• _What you are asked to do_: The lines below from the one with "电子钟数字时钟壁挂式插电长亮led大屏时间显示器桌面钟表夜光墙" up to and including the one with "Pat supraetajat Олмеко" are what you should set down, exactly and without pictures.

• _Data extracted from a collection_:

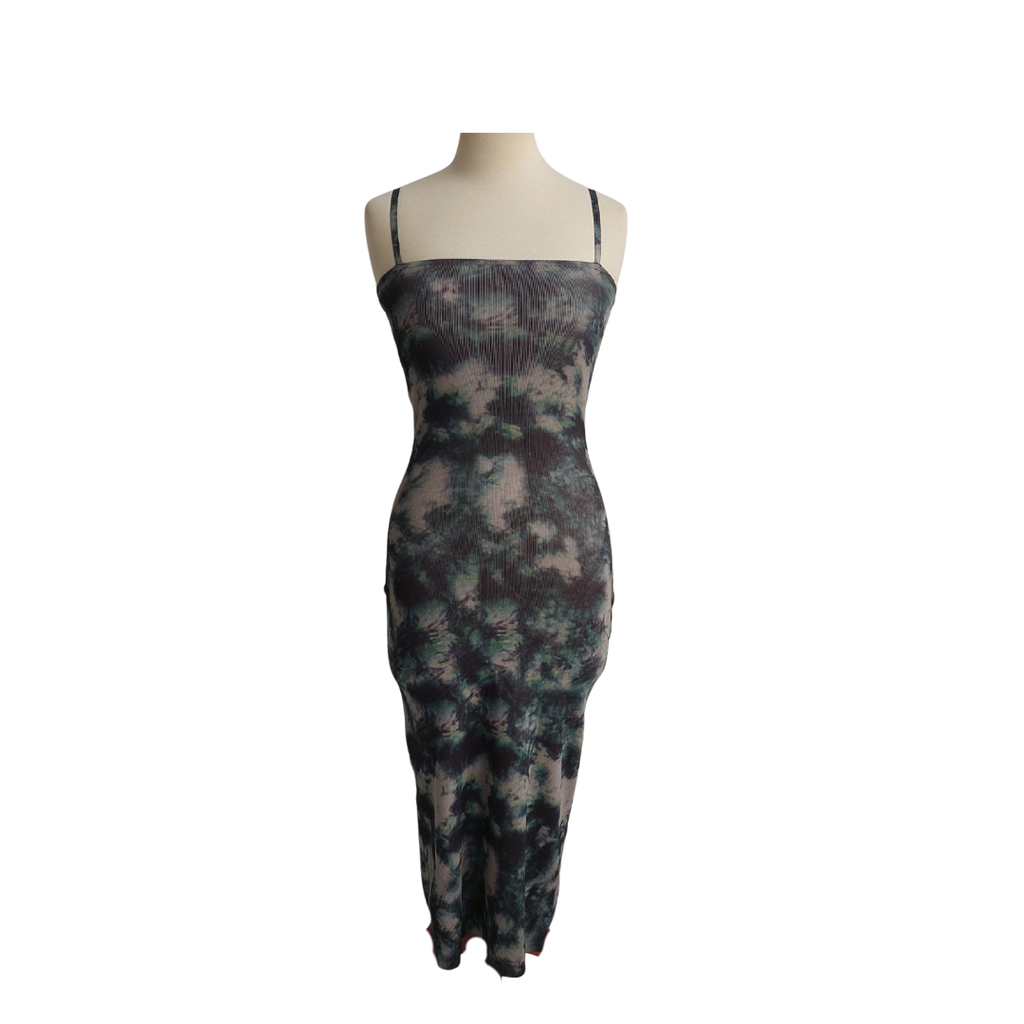 ZARA Green Tie & Dye Sleeveless Midi Dress | Brand new |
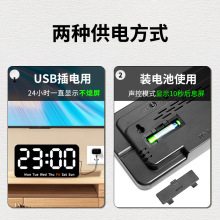 电子钟数字时钟壁挂式插电长亮led大屏时间显示器桌面钟表夜光墙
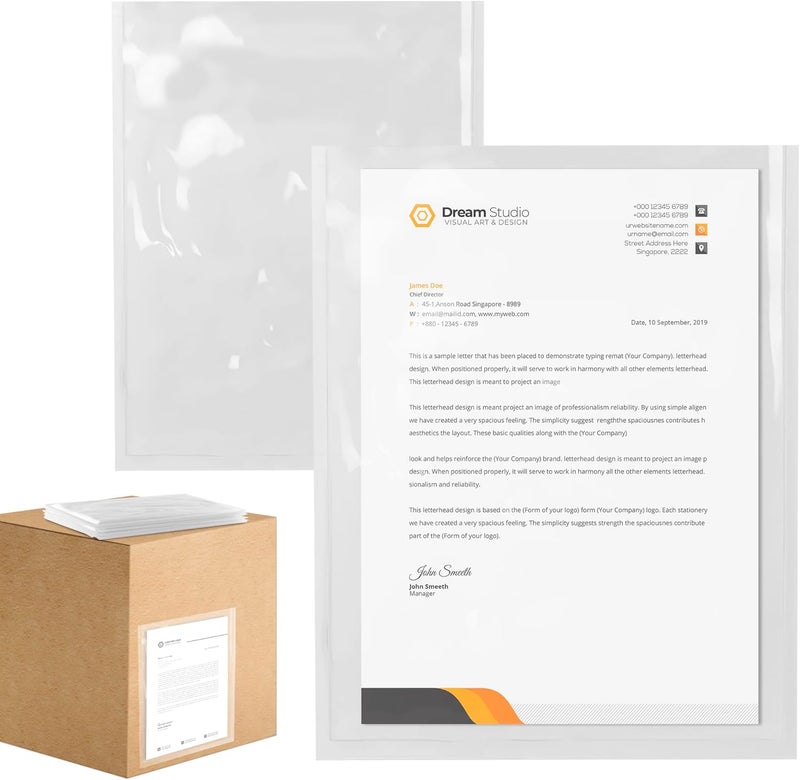 ABC Pack & Supply ABC Packing List Envelopes, 9.5 x 12 Inch. 100 Pack 2 Mil Polyethylene Clear Self Adhesive Shipping Label Sleeves. Plastic Shipping Label Pouches for Invoice and Efficient Order Management - Image 1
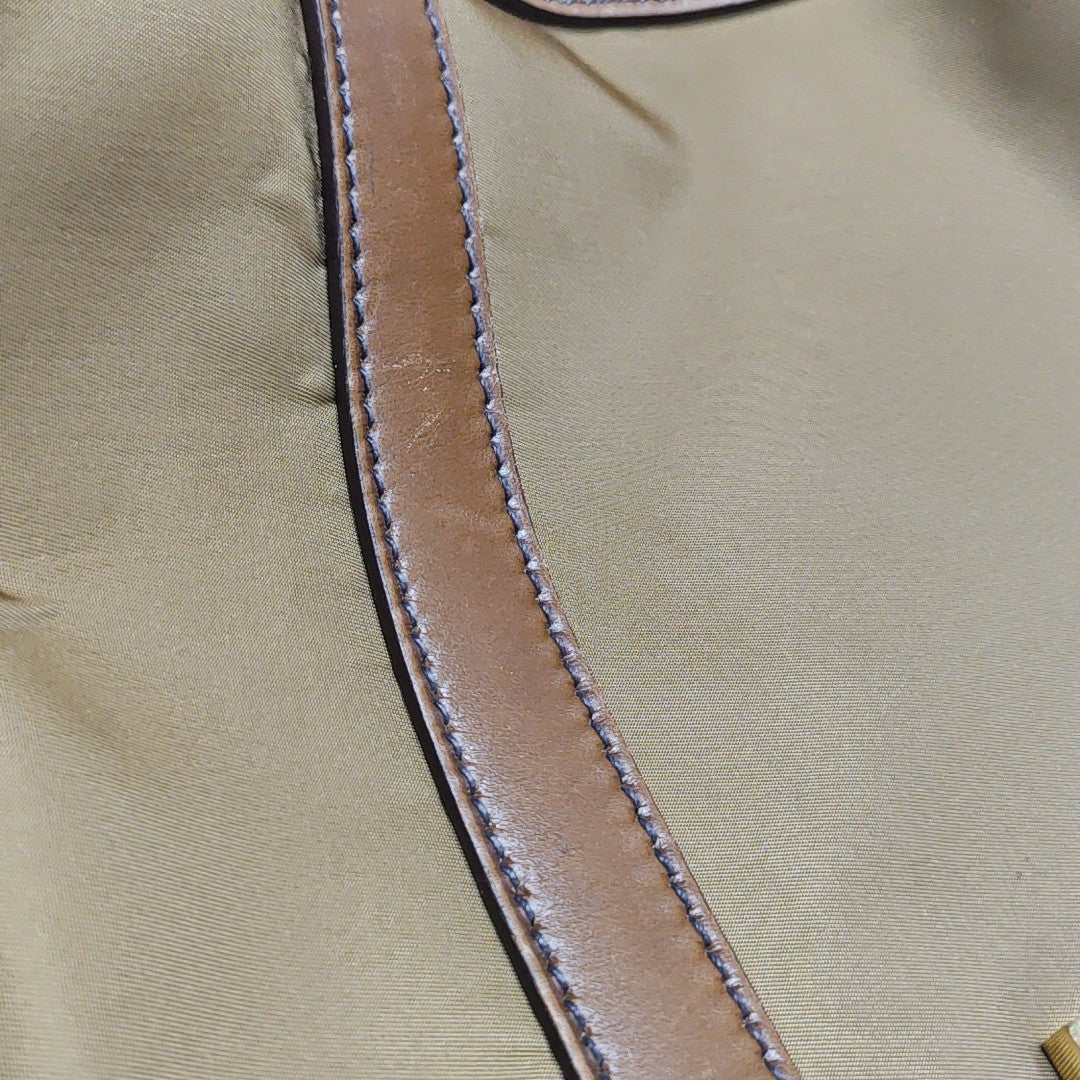 Fabric Top Handle Bag Brown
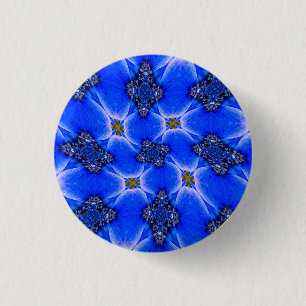 Badge Rond 2,50 Cm Motif d'anémone du Jardin bleu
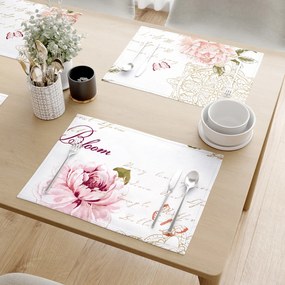 Goldea prestieranie na stôl 100% bavlnené plátno - pivonky s textami - sada 2ks 30 x 40 cm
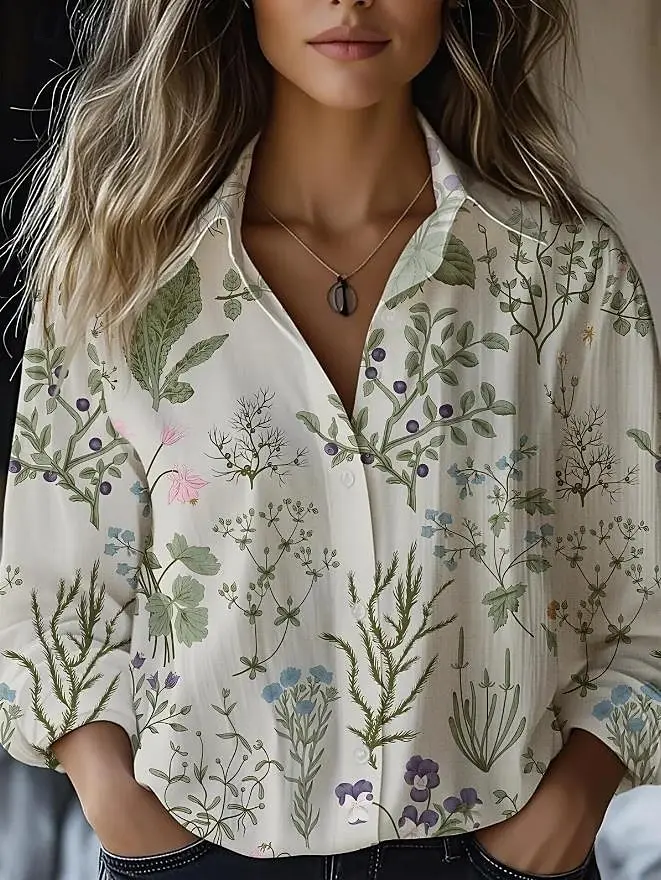 Women's Shirt Floral Graphic Stylish Casual Long Sleeve Shirt Collar Regular Tops Daily Going Out Buttons Women's Clothing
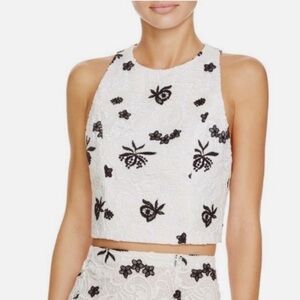 Alice + Olivia White and Black Lace Tank Top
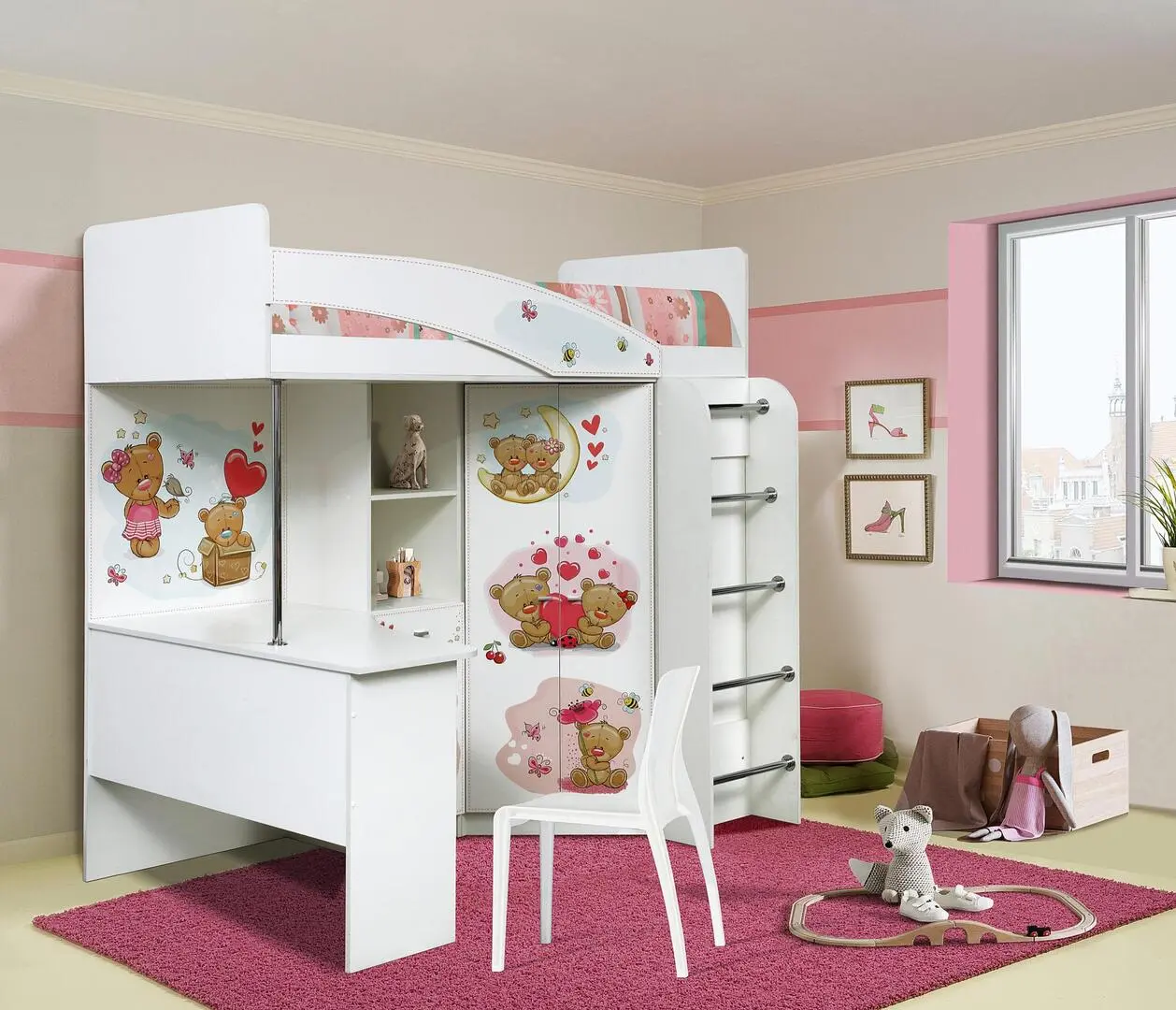 Pat supraetajat Олмеко Adel 2 Ursuleti 80x200 (White) - 2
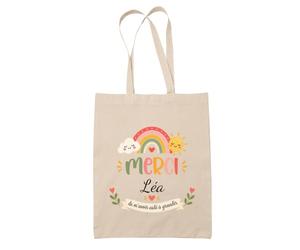 Planetee Tote Bag Beige Merci Léa | Cadeau Fin d'Année Scolaire Maîtresse Nounou ATSEM Assmat | Cadeau de Remerciement | Sac Coton 10 L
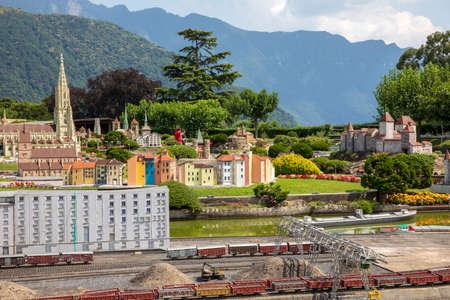 Melide / Switzerland - June 21, 2020: A view of Swissminiatur, open-air miniature park placed in Melide, on the shore of Lake Lugano, Melide, Lugano, Switzerland, Europe.のeditorial素材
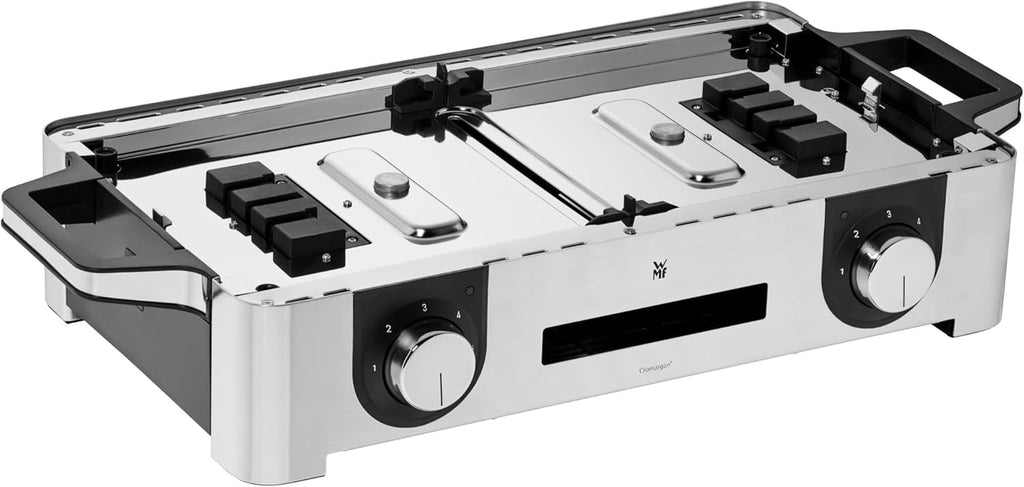 WMF Lono Master-Grill, Grill Elettrico, 50x28 cm, Grill Elettrico da Tavolo con Paravento e Vaschetta Raccogligocce, Certificato per Esterni per Barbecue, 2 Superfici di Cottura Regolabili Separatamente, 2400 W, Acciaio Inossidabile Opaco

• _Answer for this exercise_:
 电子钟数字时钟壁挂式插电长亮led大屏时间显示器桌面钟表夜光墙
 ABC Pack & Supply ABC Packing List Envelopes, 9.5 x 12 Inch. 100 Pack 2 Mil Polyethylene Clear Self Adhesive Shipping Label Sleeves. Plastic Shipping Label Pouches for Invoice and Efficient Order Management - Image 1
 Fabric Top Handle Bag Brown
 Badge Rond 2,50 Cm Motif d'anémone du Jardin bleu
 Goldea prestieranie na stôl 100% bavlnené plátno - pivonky s textami - sada 2ks 30 x 40 cm
 Women's Shirt Floral Graphic Stylish Casual Long Sleeve Shirt Collar Regular Tops Daily Going Out Buttons Women's Clothing
 Alice + Olivia White and Black Lace Tank Top
 Pat supraetajat Олмеко Adel 2 Ursuleti 80x200 (White) - 2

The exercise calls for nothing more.